A homeowner giving evidence against an Earthquake Commission engineer says her house was deemed to be safe when it was not.
Graeme Robinson is appearing before a Chartered Professional Engineers disciplinary hearing in Christchurch for complaints about his professional conduct, and his assessments of earthquake damage to 11 properties.
Michelle Parkes says Mr Robinson signed off her hillside Lyttelton home as safe, which conflicts with 41 other professional reports she has had on the property.
Ms Parkes says she was told by another engineer that in the event of another major earthquake there is a possibility the house will slip down the hill. She says the land is constantly moving.
In other evidence, a couple says Mr Robinson told them if they wanted better repairs, they should have bought a better home.
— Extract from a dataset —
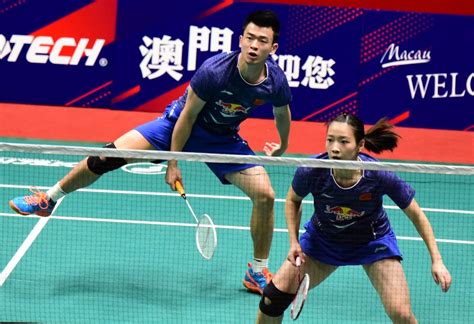 Huang yaqiong ( çince :黄雅琼; BWF News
Mark and Hannah Carey have claimed that Mr Robinson threatened to rule damage to their home existed before the Canterbury earthquakes, and the repairs would not be covered by the EQC.
The couple said today that this was not the case, and three earlier site inspections found the damage was caused by the quakes.
Mrs Carey said Mr Robinson told her she should have bought a better home in the first place.
"When we pointed out that the EQC Act provides that we're entitled to have a house put back to its as-new condition, he said, 'Well, if you want an as-new house, then you should have bought a house that was in better nick than what you've got here, or a better kind of house.'"
A witness for Mr Robinson and assessor for EQC, Ray Harpur, said he was always direct in giving advice, but never unprofessional.
Mr Harpur said it was unfortunate that the advice Mr Robinson needed to give was not always what the customer wanted to hear.